_Your assignment_
Below are some records; copy each line in them that contains "Apartment".

[Data records]
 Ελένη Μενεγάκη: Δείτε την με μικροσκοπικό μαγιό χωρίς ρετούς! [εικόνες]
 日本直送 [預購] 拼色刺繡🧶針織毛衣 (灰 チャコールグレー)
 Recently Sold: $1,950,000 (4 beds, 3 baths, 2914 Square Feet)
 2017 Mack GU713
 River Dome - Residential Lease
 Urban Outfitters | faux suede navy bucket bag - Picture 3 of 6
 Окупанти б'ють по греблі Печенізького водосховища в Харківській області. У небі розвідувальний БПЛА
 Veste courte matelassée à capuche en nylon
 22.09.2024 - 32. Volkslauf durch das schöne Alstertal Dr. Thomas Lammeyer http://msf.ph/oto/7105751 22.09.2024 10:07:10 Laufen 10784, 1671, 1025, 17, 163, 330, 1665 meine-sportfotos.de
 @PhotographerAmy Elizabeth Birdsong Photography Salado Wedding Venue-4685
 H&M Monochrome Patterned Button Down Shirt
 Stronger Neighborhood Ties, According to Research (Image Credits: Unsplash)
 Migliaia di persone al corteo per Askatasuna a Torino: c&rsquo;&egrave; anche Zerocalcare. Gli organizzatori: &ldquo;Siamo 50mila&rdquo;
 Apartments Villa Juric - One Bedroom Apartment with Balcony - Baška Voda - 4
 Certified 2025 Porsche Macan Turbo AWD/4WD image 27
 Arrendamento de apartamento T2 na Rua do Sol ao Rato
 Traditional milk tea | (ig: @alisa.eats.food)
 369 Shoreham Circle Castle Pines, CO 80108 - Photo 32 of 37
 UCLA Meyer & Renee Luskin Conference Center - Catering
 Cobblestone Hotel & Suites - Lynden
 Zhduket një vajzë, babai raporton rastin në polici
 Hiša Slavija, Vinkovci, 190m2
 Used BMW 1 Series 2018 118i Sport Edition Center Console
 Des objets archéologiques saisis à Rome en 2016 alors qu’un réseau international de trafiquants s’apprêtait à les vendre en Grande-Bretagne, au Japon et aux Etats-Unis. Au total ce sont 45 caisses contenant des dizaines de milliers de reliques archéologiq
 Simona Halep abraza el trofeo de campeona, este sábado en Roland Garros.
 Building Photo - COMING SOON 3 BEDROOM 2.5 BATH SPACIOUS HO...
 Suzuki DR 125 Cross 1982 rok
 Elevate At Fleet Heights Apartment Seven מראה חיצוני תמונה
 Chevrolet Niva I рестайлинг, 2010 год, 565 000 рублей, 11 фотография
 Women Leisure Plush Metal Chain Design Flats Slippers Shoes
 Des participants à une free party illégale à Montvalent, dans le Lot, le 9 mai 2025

_Result for this task_
 Apartments Villa Juric - One Bedroom Apartment with Balcony - Baška Voda - 4
 Elevate At Fleet Heights Apartment Seven מראה חיצוני תמונה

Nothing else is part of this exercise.